History

United States
- Name: Charles T. Yerkes; Jaguar;
- Namesake: Charles T. Yerkes; The jaguar;
- Laid down: 18 October 1943, as SS Charles T. Yerkes
- Launched: 20 November 1943
- Commissioned: 15 December 1943
- Decommissioned: 10 June 1946
- Fate: Transferred to Panama

General characteristics
- Displacement: 3665 tons
- Length: 441 ft 6 in (134.57 m)
- Beam: 56 ft 11 in (17.35 m)
- Draught: 28 ft 4 in (8.64 m)
- Propulsion: two 220 PSI boilers, Joshua Hendy Ironworks, Sunnyvale, CA., single three cylinder triple-expansion reciprocating engine, single 4 blade, 18' 6" propeller, Shaft Horsepower, 2,500
- Speed: 11 knots
- Complement: 79 officers and men
- Armament: 1 × 5-inch/38-caliber dual-purpose gun; 1 × 3 in (76 mm) gun; 8 × 20 mm cannons;

= USS Jaguar =

USS Jaguar (IX-120), an Armadillo-class tanker designated an unclassified miscellaneous vessel, was the only ship of the United States Navy to be named for the jaguar, a large leopard-like mammal of wooded regions, typically yellowish brown marked with dark spots. Her keel was laid down as Charles T. Yerkes under Maritime Commission contract (Z-ET1-S-C3) by the California Shipbuilding Corporation, in San Pedro, California. She was launched on 20 November 1943, renamed Jaguar 27 October, acquired by the Navy 15 December 1943 and commissioned that day.

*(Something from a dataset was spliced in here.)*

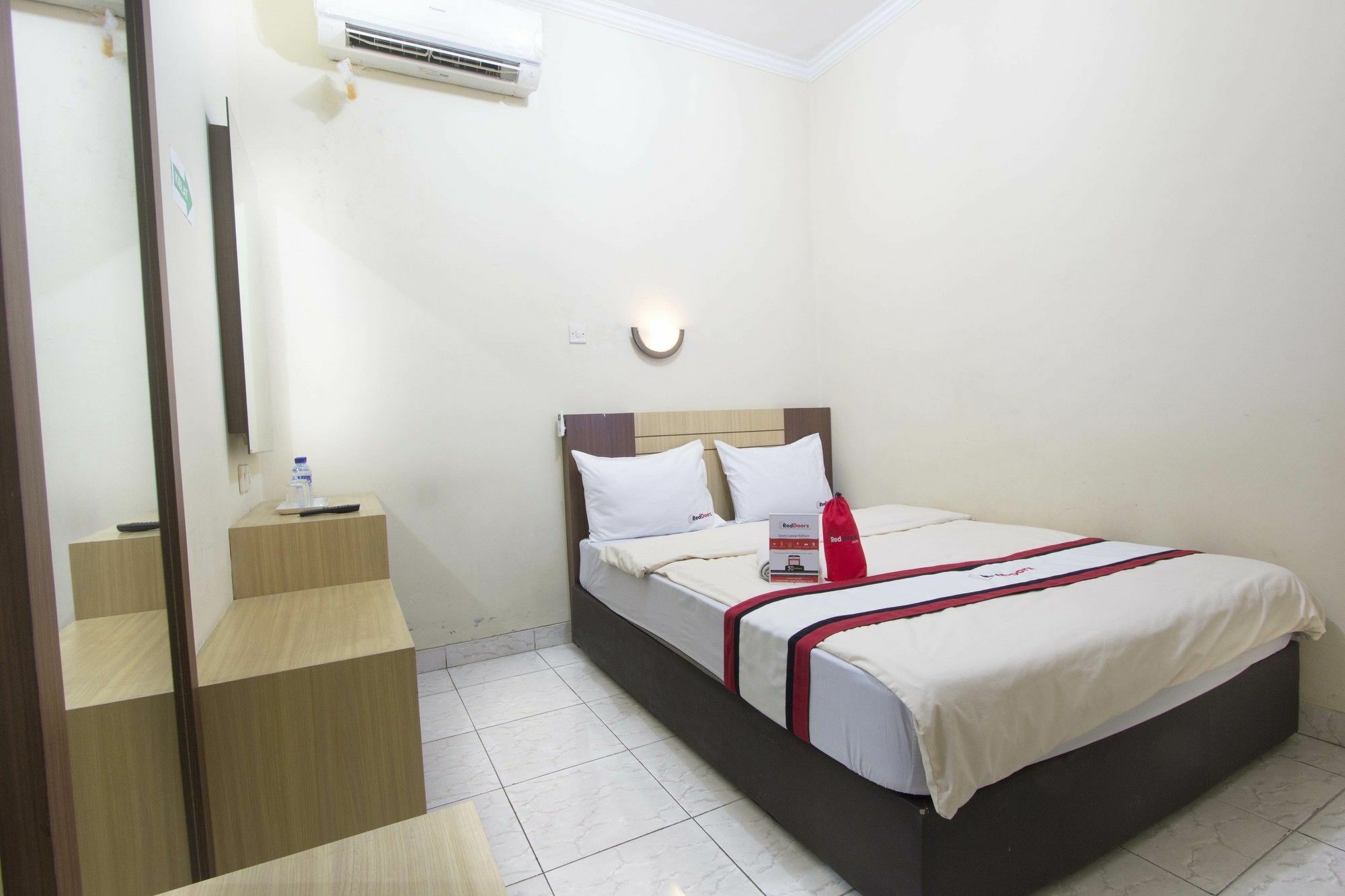 Reddoorz Plus Near Stadion Mandala Krida Yogyakarta Exterior foto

After shakedown out of San Pedro, California, Jaguar departed 19 January 1944 for duty as a floating storage ship in the Pacific islands. She arrived New Caledonia on 21 February via Wellington, New Zealand, and from there she transported vital diesel oil, aviation gasoline, and minesweeping gear to the New Hebrides and Solomon Islands. Jaguar returned to the West Coast early in 1946 and arrived Norfolk, Virginia, via the Panama Canal on 20 April. She decommissioned there 10 June 1946, and was turned over to the Maritime Commission. After serving as a tanker with various American lines under the name of Harry Peer in 1948 and Tini in 1949, the ship was transferred to Panamanian flag in February 1951.